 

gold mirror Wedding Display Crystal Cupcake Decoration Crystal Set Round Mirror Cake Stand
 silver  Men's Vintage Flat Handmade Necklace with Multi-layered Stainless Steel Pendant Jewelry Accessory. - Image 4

• • •

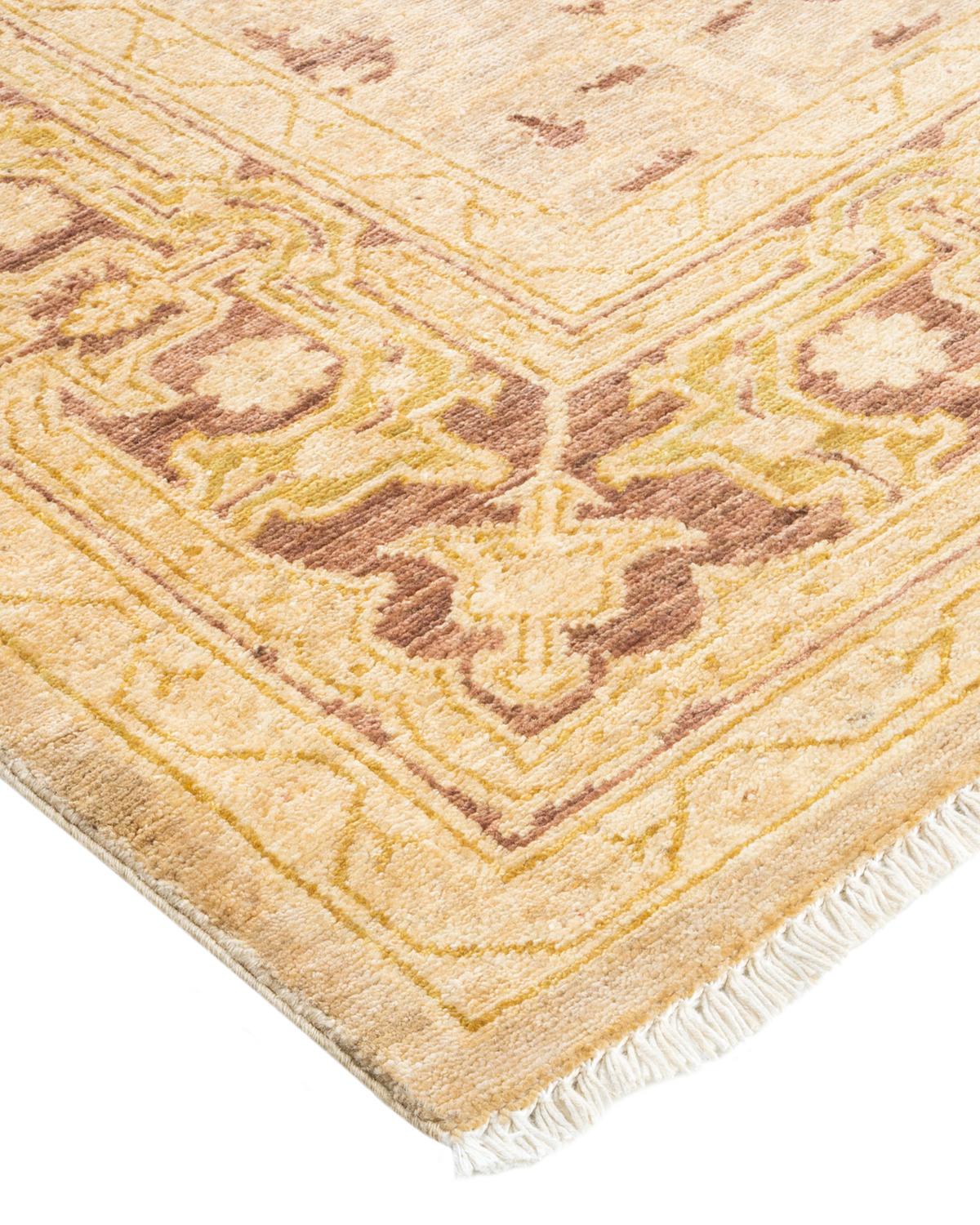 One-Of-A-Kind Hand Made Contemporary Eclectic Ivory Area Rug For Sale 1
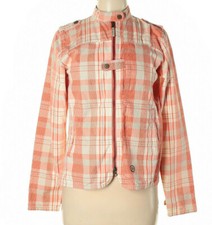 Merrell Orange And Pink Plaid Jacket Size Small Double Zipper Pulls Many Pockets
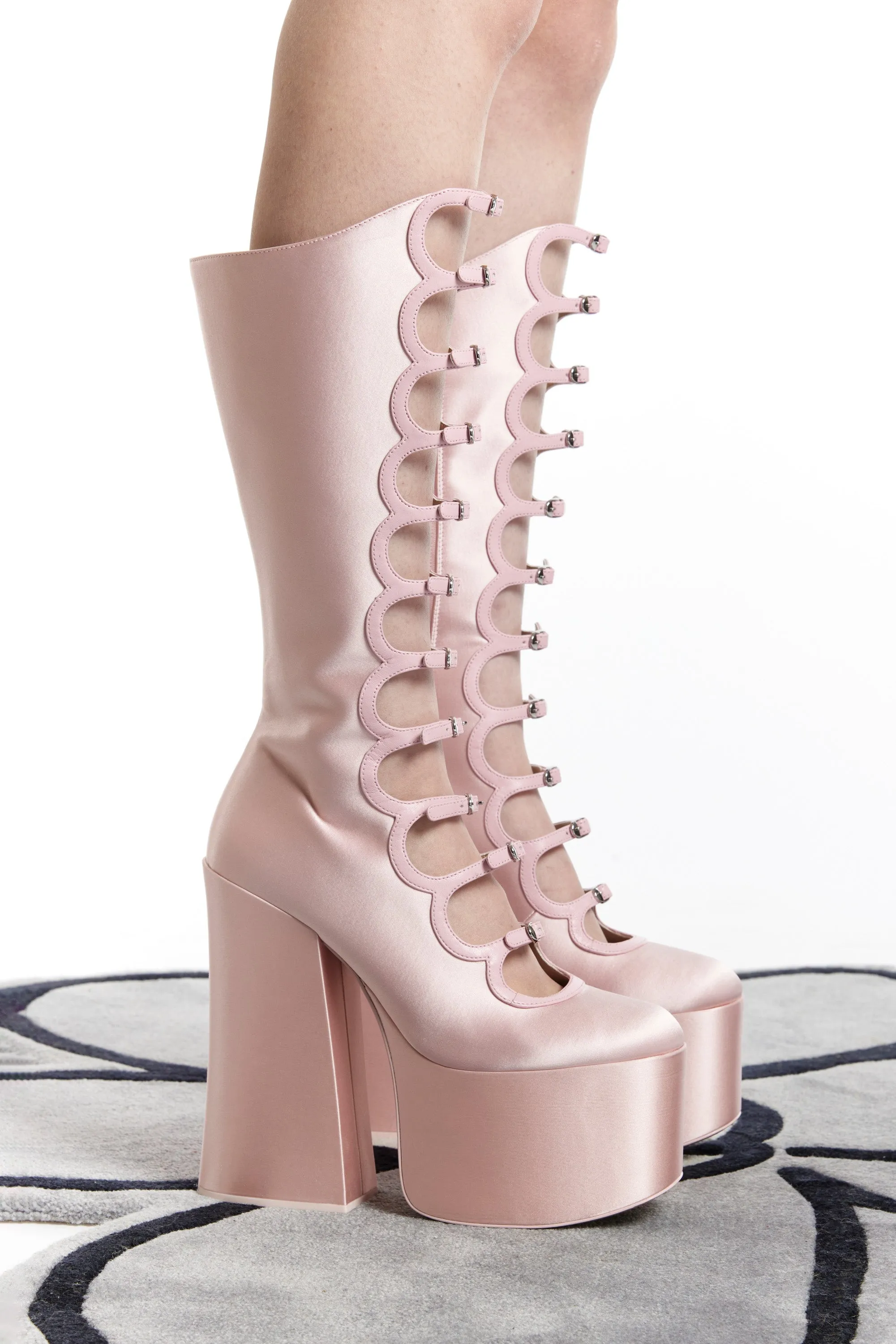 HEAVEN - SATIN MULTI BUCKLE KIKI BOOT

• • •

▸ EXERCISE OBJECTIVE
What you write must match the listing exactly, from the line with "Merrell Orange And" up to and including the line with "HEAVEN - SATIN MULTI BUCKLE KIKI BOOT". Pictures stay out.

▸ ANSWER
 Merrell Orange And Pink Plaid Jacket Size Small Double Zipper Pulls Many Pockets
 HEAVEN - SATIN MULTI BUCKLE KIKI BOOT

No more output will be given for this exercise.